One of the larger conflicts throughout the whole book is that her Ma was taken by the British and Willy is trying to find her. She first begins this large journey by taking her deceased father’s boat down to Newport, to see her aunt. When her aunt asks her who she came with, she replies, “No ma’am, I came by myself. The British took Ma down to New York”. (Willy on page 45) Her uncle Jack Arabus then told Willy to make the long trip down to New York to Black Sam Fraunce’ tavern because he believed that Sam could help. When she’s at the tavern she meets the man and he says that she can stay and work there while looking for her Ma. Willy ends up looking all over New York for her but was unable to find her. So as an act of desperate hope she sends a letter to her aunt, telling her that she was okay and asking about her mother. A few months later she gets a letter back with terrible news. Her aunt told her that her mother was ill and about to die. So Willy makes the bold decision to go back to Connecticut to see her mother before she passes. When she gets to the Ivers’ house, she finds her Ma lying in the basement with no medical help whatsoever. She explodes and runs to the doctor to see if he would give her medicine but he said it was too late. When she got back to the house her Ma was in fact dying. Consequently she did end up dying but although her Ma was dead, Willy did find her and she resolved the conflict.

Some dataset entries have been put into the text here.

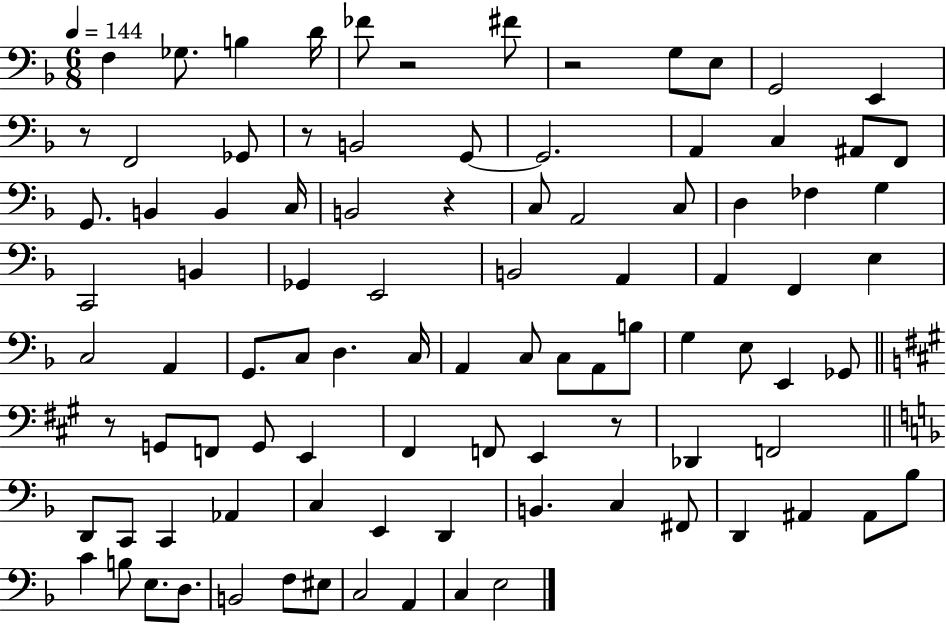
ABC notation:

X:1
T:Untitled
M:6/8
L:1/4
K:F
F, _G,/2 B, D/4 _F/2 z2 ^F/2 z2 G,/2 E,/2 G,,2 E,, z/2 F,,2 _G,,/2 z/2 B,,2 G,,/2 G,,2 A,, C, ^A,,/2 F,,/2 G,,/2 B,, B,, C,/4 B,,2 z C,/2 A,,2 C,/2 D, _F, G, C,,2 B,, _G,, E,,2 B,,2 A,, A,, F,, E, C,2 A,, G,,/2 C,/2 D, C,/4 A,, C,/2 C,/2 A,,/2 B,/2 G, E,/2 E,, _G,,/2 z/2 G,,/2 F,,/2 G,,/2 E,, ^F,, F,,/2 E,, z/2 _D,, F,,2 D,,/2 C,,/2 C,, _A,, C, E,, D,, B,, C, ^F,,/2 D,, ^A,, ^A,,/2 _B,/2 C B,/2 E,/2 D,/2 B,,2 F,/2 ^E,/2 C,2 A,, C, E,2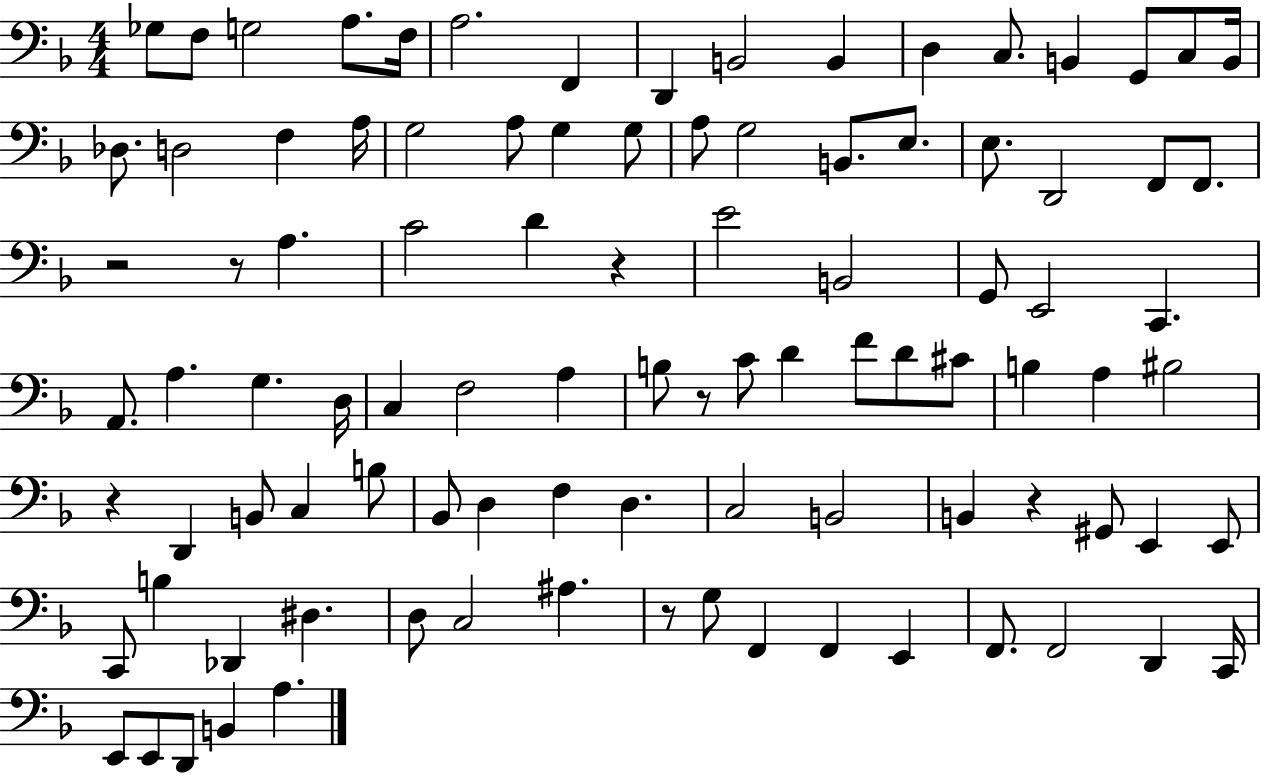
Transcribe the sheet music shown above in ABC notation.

X:1
T:Untitled
M:4/4
L:1/4
K:F
_G,/2 F,/2 G,2 A,/2 F,/4 A,2 F,, D,, B,,2 B,, D, C,/2 B,, G,,/2 C,/2 B,,/4 _D,/2 D,2 F, A,/4 G,2 A,/2 G, G,/2 A,/2 G,2 B,,/2 E,/2 E,/2 D,,2 F,,/2 F,,/2 z2 z/2 A, C2 D z E2 B,,2 G,,/2 E,,2 C,, A,,/2 A, G, D,/4 C, F,2 A, B,/2 z/2 C/2 D F/2 D/2 ^C/2 B, A, ^B,2 z D,, B,,/2 C, B,/2 _B,,/2 D, F, D, C,2 B,,2 B,, z ^G,,/2 E,, E,,/2 C,,/2 B, _D,, ^D, D,/2 C,2 ^A, z/2 G,/2 F,, F,, E,, F,,/2 F,,2 D,, C,,/4 E,,/2 E,,/2 D,,/2 B,, A,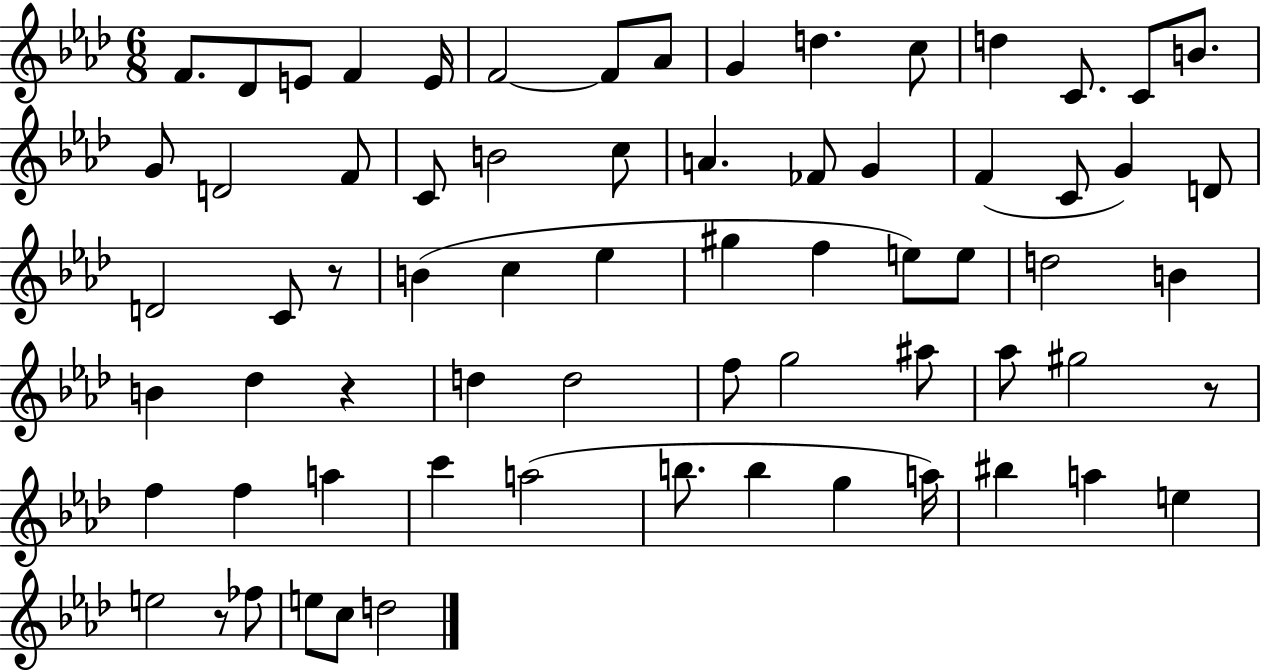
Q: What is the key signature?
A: AES major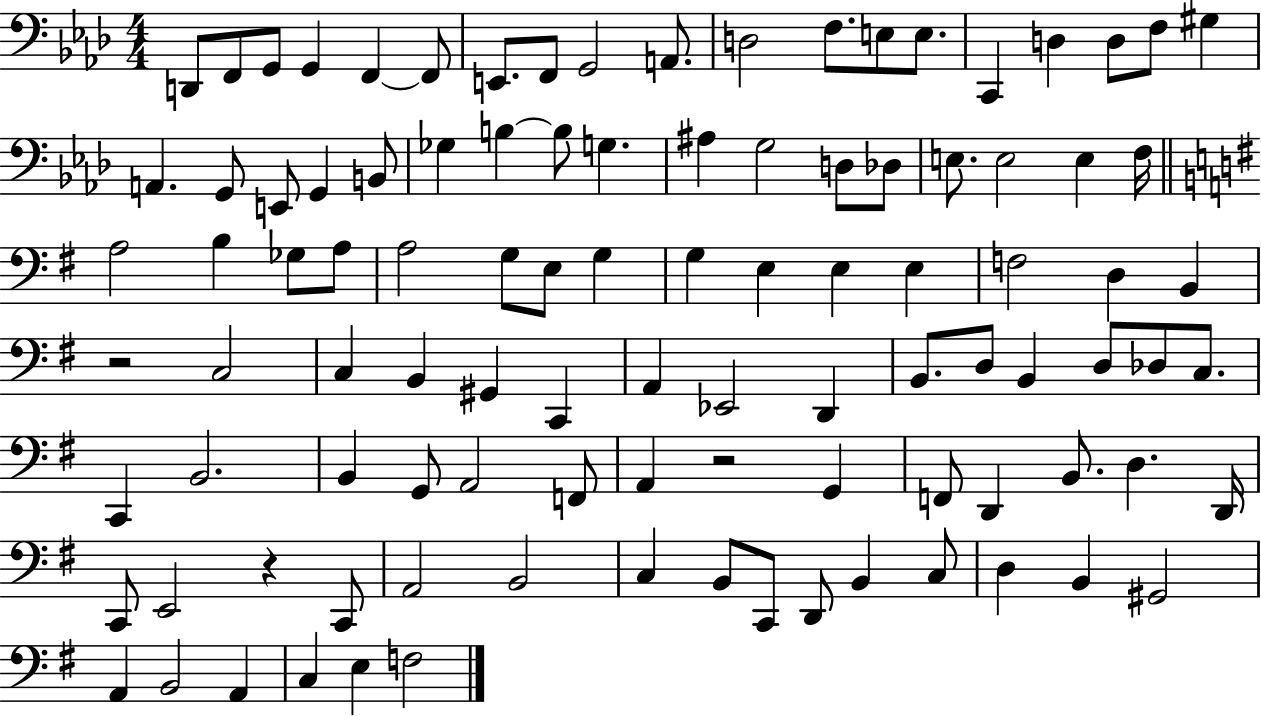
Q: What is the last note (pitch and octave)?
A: F3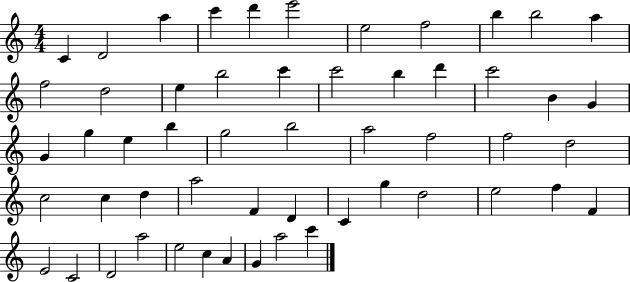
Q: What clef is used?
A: treble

Another main conflict in the novel was that with no parents, Willy had the chance to get put back into slavery. When she went to her Aunt Betsy the first time she tried to see if she could live there and work for the Ivers’. When they actually discussed this with them, Mr.Ivers exclaimed, “She’s staying, until I decide what to do with her.” Instantaneously, Willy new that she had to get out of there or else she would be returned to the horrible life she knew she hated. So, at the first chance she had, she escaped from the house and sailed away in her Pa’s Jollyboat.

However, the last main conflict in the historical fiction book, War Comes to Willy Freeman by James and Christopher Collier is that Jack Arabus, Willy’s uncle, might be kept as a slave although the law states that he is free. When a slave wants to sign up for the war, the law back then was that they were to be freed so they can in fact fight for their country. So Jack was forced to take it to court where he and 300 other black slaves were freed. This case is actually pretty popular and is known as Arabus v. Ivers.

Even though there were many conflicts in the story War Comes to Willy Freeman by Christopher and James Collier, all of them were resolved and Willy really lived happily ever after. I really enjoyed this book because there were many twists and turns. At the end of the story she exclaims proudly that at that moment, she was “Grown up; and it was all going to be new.”